The laws governing a commercial agreement fundamentally determine the enforcement of that agreement’s provisions. Surprisingly, US-style commercial agreements place this important concept all the way in the back of the agreement along with other “boilerplate” provisions. This publication shares a New York transactional legal perspective on potentially overlooked or misunderstood practice points and considerations when engaging a governing law provision in a commercial agreement.

Each US state is a sovereign entity in its own right and is granted the power to create laws and regulate them according to its needs. Every state also has unique characteristics in terms of their historical operations of business, commerce, and industry as well as their public policies and community standards.

From a strictly US perspective, another state’s laws could vary in a meaningful way with New York’s laws. For example, the analysis a lawyer would perform on the enforceability of a non-competition provision varies depending on whether such provision is governed by the laws of California or New York. That means a contract that begins with a provision enforceable under New York law and later negotiated to be governed by California law may very well not be enforceable with respect to at least such provision. Mechanically, changing “New York” to “California” in an agreement takes only a few seconds while drafting the agreement. The practical implications of that change could result in years of time, energy and money needlessly spent disputing its enforceability.

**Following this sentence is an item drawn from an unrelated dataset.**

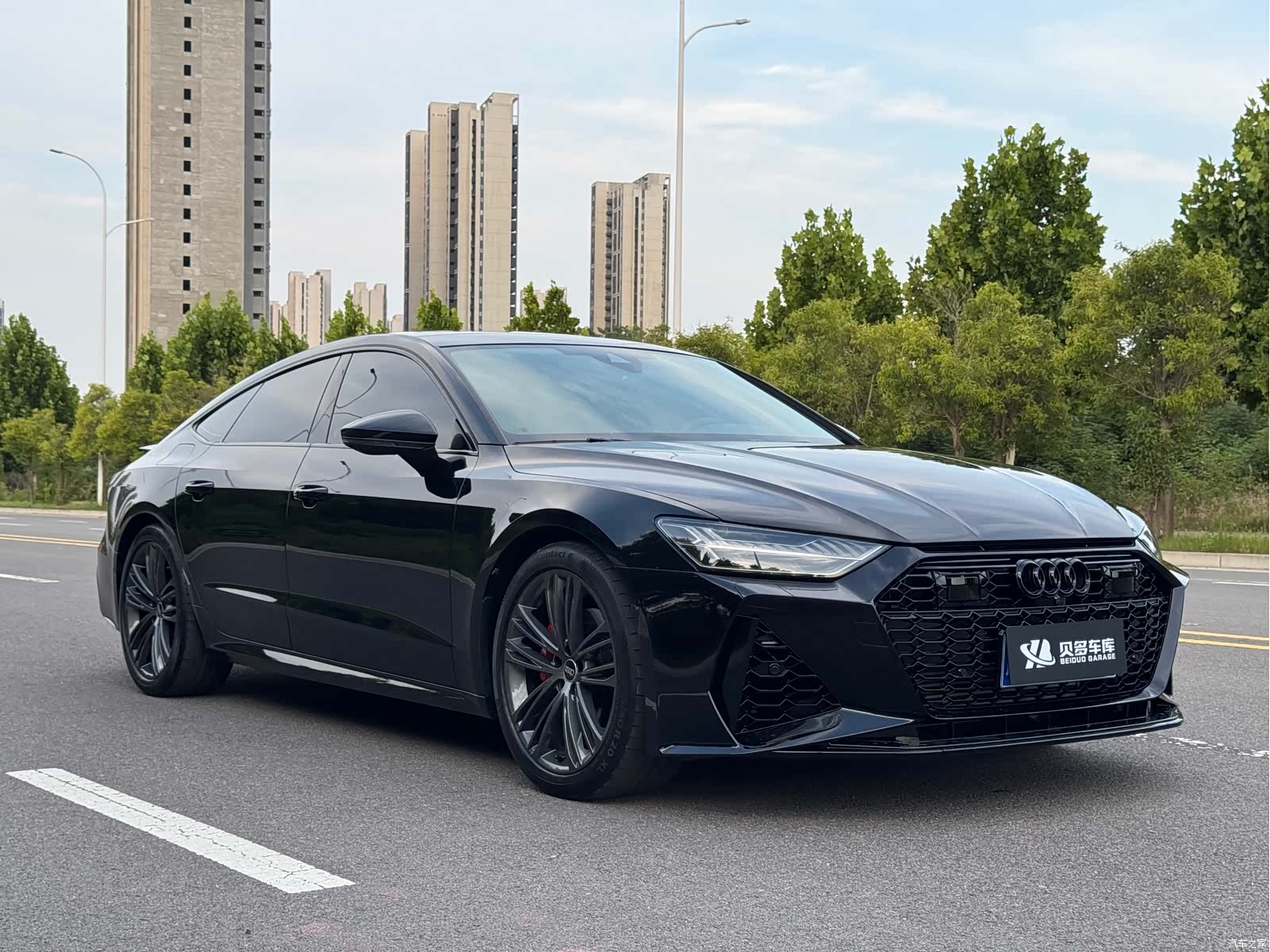 Audi A7, 2024 3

New York law stands out as one of the most popular choices for domestic and cross-border commercial agreements. New York law provides transacting parties with certainty in the event of a dispute because it is one of the most tested and developed bodies of law in the world. For example, the New York Uniform Commercial Code (“NY UCC”) provides a high degree of outcome predictability to parties purchasing and selling goods. The rules governing offer, acceptance and rejection under the NY UCC promote commercial efficiency when goods are non-conforming because the NY UCC shapes the limited universe of next steps the transacting parties may take. Yet another advantage is that New York is globally recognized as the leader in business activity and political influence. Naturally, New York’s laws and judiciary maintain the same reputation.

There are two elements that a New York court will analyze when New York law governs a contract – the value of the contract and whether the contract bears a reasonable relation to New York. If the value of the contract is at least $250,000, then generally the parties may use New York law regardless of whether the contract bears a reasonable relation to New York. This is a particularly salient point for any party, whether transacting in or outside of New York, which wants the many benefits of New York law. If the value of the contract is less than $250,000, then generally the contract must bear a reasonable relation to New York as determined by the court. In determining a contract’s reasonable relation to New York, New York courts will look at one or more of the following: the transaction, the subject matter, the cause of action and one of the parties. A lesson to learn from this reasonable relation analysis is that transacting parties should not assume that New York law governs merely because the agreement provides the same. If a transaction is valued at less than $250,000 and bears no reasonable relation to New York, then generally a court will not apply New York law even if that commercial agreement states that New York law governs.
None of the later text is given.